Steeped in Resonance and Nuance
It’s the most architecturally satisfying aesthetically appetising crossroads in County Tyrone. To the northeast, a coffeeshop. To the southeast, a church. To the southwest, a school, To the northwest, a country house. All oozing rural charm. Welcome to Gortin. The ‘t’ is pronounced “ch”. The main approach to the crossroads could hardly be more dramatic. An inland corniche snakes through the purple heather topped Sperrin Mountains in a downward spiral (Gortin Lakes on one side, Gortin Forest on the other) before plummeting into the valley of the Owenkillew River to arrive at the crossroads. Time to go for a wee dander. If the crossroads is considered the western end and St Patrick’s Catholic Church accessed off Chapel Lane the eastern end, that means Gortin High Street is the princely length of 585 metres long.
The Auld Bank Coffeeshop is a single storey dropping to two storeys to the rear three bay building facing the high street. “Auld” meaning “old” is pronounced “owl”. Its rough cut stone and brick quoined exterior is more associated with east of the River Bann villages such as Hillsborough and Moira. Ulster Bank closed its branch in 2015 and the building owner, Blakiston Houston Estates Company, converted it into a coffeeshop. A very popular one at that, serving the best panini west of the Bann. The bank was built in 1845 with a gabled porch added in 1980. In true late 20th century style, the fanlight and sidelights surrounding the entrance door have a post modern feel to them. The interior has been opened up; simple ceiling mouldings provide an unpretentious backdrop to the café.
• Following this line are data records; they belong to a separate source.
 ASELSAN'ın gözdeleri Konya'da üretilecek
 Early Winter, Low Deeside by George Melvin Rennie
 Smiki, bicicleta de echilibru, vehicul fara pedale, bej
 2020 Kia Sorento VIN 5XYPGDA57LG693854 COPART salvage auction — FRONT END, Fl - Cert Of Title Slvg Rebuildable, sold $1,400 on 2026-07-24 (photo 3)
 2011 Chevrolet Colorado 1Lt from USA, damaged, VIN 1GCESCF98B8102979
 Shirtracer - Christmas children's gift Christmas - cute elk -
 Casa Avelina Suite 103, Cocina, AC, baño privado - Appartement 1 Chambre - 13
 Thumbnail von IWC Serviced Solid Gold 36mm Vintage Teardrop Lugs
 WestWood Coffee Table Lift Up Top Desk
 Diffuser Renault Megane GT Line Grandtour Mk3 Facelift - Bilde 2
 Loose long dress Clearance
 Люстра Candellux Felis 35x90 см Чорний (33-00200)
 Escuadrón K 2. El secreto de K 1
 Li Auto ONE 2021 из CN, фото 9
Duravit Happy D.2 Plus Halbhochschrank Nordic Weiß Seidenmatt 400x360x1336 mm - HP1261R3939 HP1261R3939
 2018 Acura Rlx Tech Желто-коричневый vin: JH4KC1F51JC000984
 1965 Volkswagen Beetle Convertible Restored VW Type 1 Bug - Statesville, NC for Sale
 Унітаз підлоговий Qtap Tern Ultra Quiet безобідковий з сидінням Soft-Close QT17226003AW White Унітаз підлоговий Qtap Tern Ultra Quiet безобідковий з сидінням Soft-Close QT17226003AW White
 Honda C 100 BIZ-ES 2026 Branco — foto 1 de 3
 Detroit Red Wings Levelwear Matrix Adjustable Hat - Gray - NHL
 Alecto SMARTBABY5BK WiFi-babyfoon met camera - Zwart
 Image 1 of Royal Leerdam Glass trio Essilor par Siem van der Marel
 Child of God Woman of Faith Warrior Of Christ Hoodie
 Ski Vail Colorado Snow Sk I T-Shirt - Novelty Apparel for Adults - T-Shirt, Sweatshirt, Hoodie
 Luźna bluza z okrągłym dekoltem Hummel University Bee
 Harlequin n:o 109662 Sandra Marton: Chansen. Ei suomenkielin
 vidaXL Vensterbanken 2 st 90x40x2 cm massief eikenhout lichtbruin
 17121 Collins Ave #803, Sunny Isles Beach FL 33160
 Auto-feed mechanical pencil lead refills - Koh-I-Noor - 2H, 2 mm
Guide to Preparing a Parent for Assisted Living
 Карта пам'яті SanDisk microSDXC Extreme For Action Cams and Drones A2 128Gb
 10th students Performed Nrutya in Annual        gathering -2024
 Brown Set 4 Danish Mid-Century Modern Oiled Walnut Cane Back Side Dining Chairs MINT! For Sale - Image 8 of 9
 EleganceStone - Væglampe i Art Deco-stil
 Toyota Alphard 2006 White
Alastair Rowan sums up St Patrick’s Church of Ireland, Parish of Lower Badoney, in his 1979 Buildings of North West Ulster (sponsored by Lord Dunleath’s Charitable Trust), “1856 by Joseph Welland, replaced the first Lower Badoney church of 1730. A standard stone built hall with short sanctuary, end porch, and bellcote. Short paired lancets, seven down each side, with quarry glass, and a nice braced truss roof inside, high and a little richer than usual.” A sprawling underdeveloped graveyard drapes a green apron around the entrance front.
Dr Rowan goes on to explain the church architect’s credentials, “The Church of Ireland had from 1843 one architect, Joseph Welland, who catered for all its needs. His qualifications were impeccable. Welland, a relative of the Bishop of Down, had trained in Dublin in the office of John Bowden, through whom in 1826 he obtained the appointment of architect to the Board of First Fruits in the Tuam Division. In 1839, when the Irish Ecclesiastical Commission replaced the old Board of First Fruits, Welland was appointed one of its four architects (although the older William Farrell seems to have retained responsibility for the North), and in 1843 on the reorganisation of the Commission he became the sole architect.”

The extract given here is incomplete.